Helt, now a professor at King University in Tennessee, said the images of unrest in U.S. cities, combined with President Donald Trump's incendiary statements, echo clashes she covered over a dozen years at the CIA tracking developments in China, Malaysia and elsewhere.
Marc Polymeropoulos, who formerly ran CIA operations in Europe and Asia, was among several former agency officials who recoiled at images of Trump hoisting a Bible in front of St. John's Episcopal Church after authorities fired rubber bullets and tear gas to clear the president's path of protesters.
"It reminded me of what I reported on for years in the third world," Polymeropoulos said on Twitter. Referring to the despotic leaders of Iraq, Syria and Libya, he said: "Saddam. Bashar. Qaddafi. They all did this."
The impression Trump created was only reinforced by others in the administration. Defense Secretary Mark Esper urged governors to "dominate the battlespace" surrounding protesters as if describing U.S. cities as a foreign war zone. Later, as military helicopters hovered menacingly over protesters, Gen. Mark Milley, chairman of the Joint Chiefs of Staff, toured the streets of the nation's capital in his battle fatigue uniform.

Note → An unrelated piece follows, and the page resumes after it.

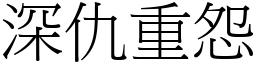 深仇重怨 (宋體矢量字庫)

"As a former CIA officer, I know this playbook," Rep. Abigail Spanberger, D-Va., said in a tweet. Before her election to Congress last year, she worked at the agency on issues including terrorism and nuclear proliferation.
...Former intelligence officials said the unrest and the administration's militaristic response are among many measures of decay they would flag if writing assessments about the United States for another country's intelligence service.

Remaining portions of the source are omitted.